Like them or not, ereaders are quickly taking off. Which raises the question, did market research predict the rise of ereaders? It is an interesting question when we consider that ereaders are a disruptive innovation. In fact, forms of ebooks have been around for a long time without ever taking off in terms of consumer behaviour.
Pew Research survey results show that ownership of ereaders in the United States rose from 2% in April 2009 to 12% in May of 2011. Harris Interactive has the current U.S. ownership at 15% in September. Though 15% ownership is still low, a number of factors suggests that the pace of adoption will continue to rise. These include, relatively low cost, and a widespread appeal that reaches beyond the normal, youth and male oriented early adopter set.
The only real barriers to adoption are (1) that lower income and education groups have so far been slower to embrace the ereader; and (2) the size of the book-reading population is not 100%.

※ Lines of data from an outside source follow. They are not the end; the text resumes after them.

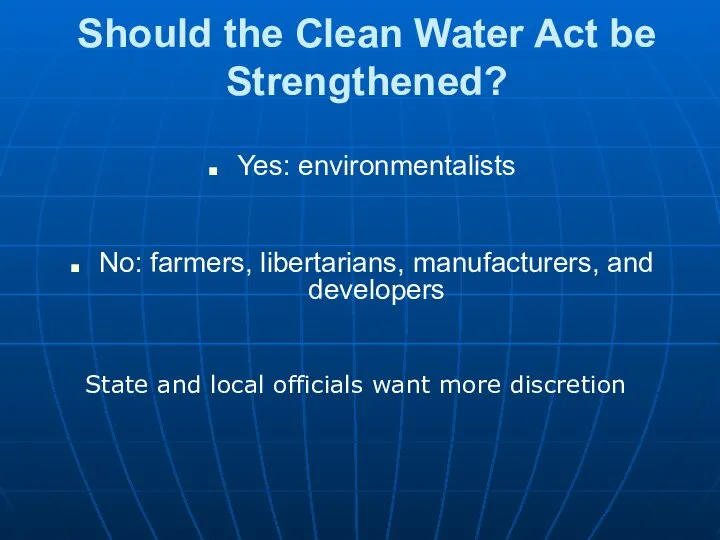 Should the Clean Water Act be Strengthened? Yes: environmentalists No: farmers,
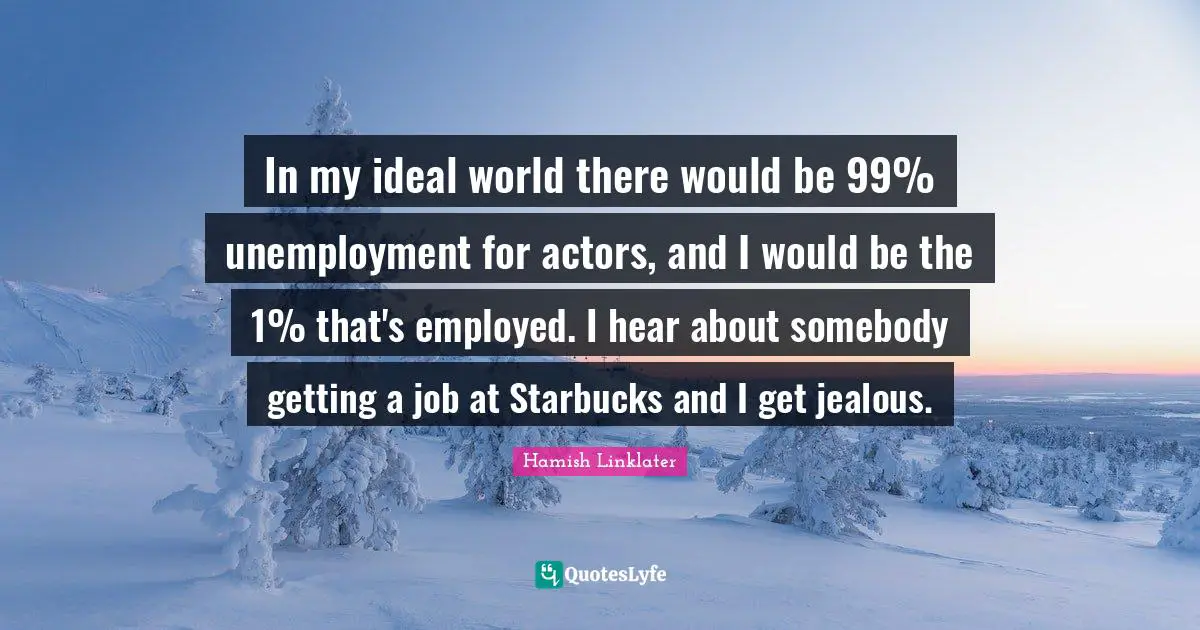 In my ideal world there would be 99% unemployment for actors, and I would be the 1% that's employed. I hear about somebody getting a job at Starbucks and I get jealous.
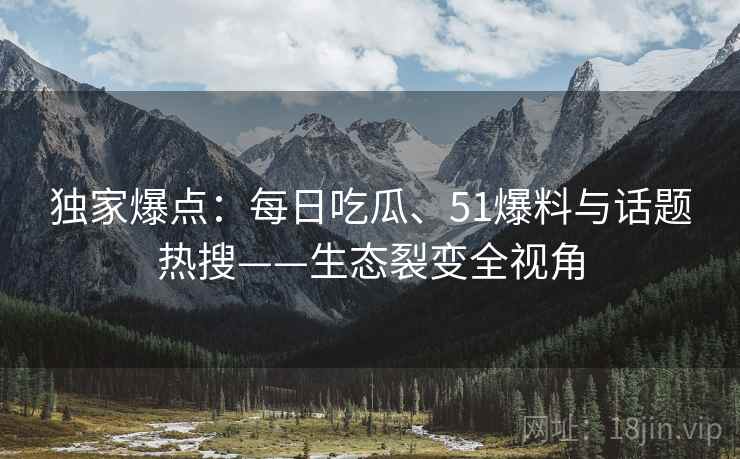 独家爆点：每日吃瓜、51爆料与话题热搜——生态裂变全视角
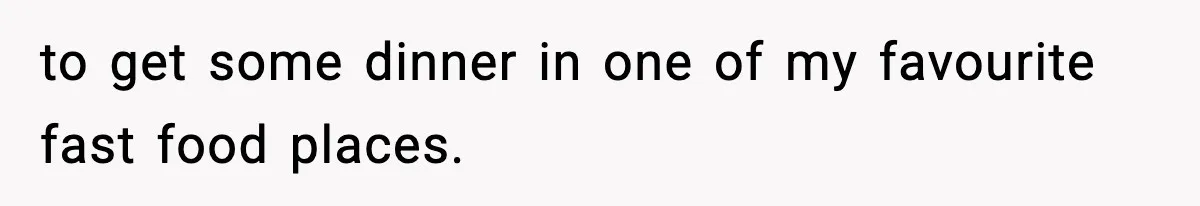 Sister-In-Law Throws Out New Mom’s Formula And Supplies, Gets Kicked Out On The Spot to get some dinner in one of my favourite fast food places.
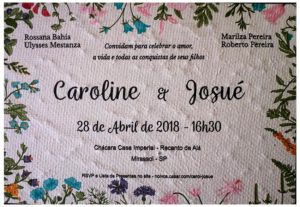 Convite de Casamento em Papel Semente Fratos – frente cor 4x0 formato A5 medida 140×200 – Carolina e Josué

There is no question that ereaders are disruptive. So far, I have not found a public poll from before 2009 that shows the figures, but we would expect many people (probably a majority) would express low interest in ebooks by expressing traditional opinions about wanting to have the book to share, to be able to feel the pages, and about not being tied to technology.
These anti-change views about a new way of doing things is not new and all new technologies face this resistance (a variation of an existing product, e.g. a new flavour or a new feature does not raise this problem). In market research terms, this results in low expected take-up of the technology that confound organizations who believe they have good ideas and lead to a risky proposition when introducing the product.
One approach is to focus on the early adopter population — people who have values and behaviours that make them open to new things. Early adopters, if they view the product highly can be advocates, but their openness to trying new things means that their willingness to try is only the first step (and even they may resist truly revolutionary changes).
Consider the recent post by Mitch Joel, who walks the reader through his own conversion to ebooks. The post really shows how digital changes the game — perhaps in a way that you might not have predicted if you were imagining ebooks ten years ago.
The real key for a disruptive product is that it must functionally do for the consumer what he or she cannnot really imagine when they are thinking of the product in the abstract. It is why so many of us use digital music (as opposed to better analogue music), carry cell phones, and now read books online.
And market research must be read carefully with such disruptive technologies. Focus, for example, on what people like/dislike about the old not about how they react to the idea.